Scientific Data (Aug 2024)

Quantum Chemistry Dataset with Ground- and Excited-state Properties of 450 Kilo Molecules

  • Yifei Zhu,
  • Mengge Li,
  • Chao Xu,
  • Zhenggang Lan

DOI
https://doi.org/10.1038/s41597-024-03788-x
Journal volume & issue
Vol. 11, no. 1
pp. 1 – 12

Abstract

Read online

Abstract Due to rapid advancements in deep learning techniques, the demand for large-volume high-quality datasets grows significantly in chemical research. We developed a quantum-chemistry database that includes 443,106 small organic molecules with sizes up to 10 heavy atoms including C, N, O, and F. Ground-state geometry optimizations and frequency calculations of all compounds were performed at the B3LYP/6-31G* level with the BJD3 dispersion correction, while the excited-state single-point calculations were conducted at the ωB97X-D/6-31G* level.
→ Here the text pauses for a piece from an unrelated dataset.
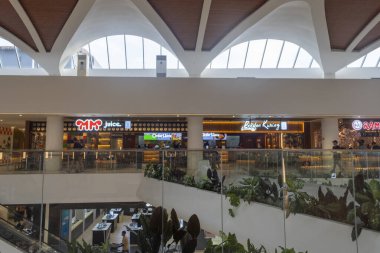 Bali, Endonezya - 17 Aralık 2024: Bali 'deki Icon Bali Alışveriş Merkezi. Etrafta bir sürü insanın dolaştığı büyük bir alışveriş merkezi. Alışveriş merkezinde bir sürü mağaza ve yürüyen merdiven var.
Totally twenty-seven molecular properties, such as geometric, thermodynamic, electronic and energetic properties, were gathered from these calculations. Meanwhile, we also established a comprehensive protocol for the construction of a high-volume quantum-chemistry dataset. Our QCDGE (Quantum Chemistry Dataset with Ground- and Excited-State Properties) dataset contains a substantial volume of data, exhibits high chemical diversity, and most importantly includes excited-state information. This dataset, along with its construction protocol, is expected to have a significant impact on the broad applications of machine learning studies across different fields of chemistry, especially in the area of excited-state research.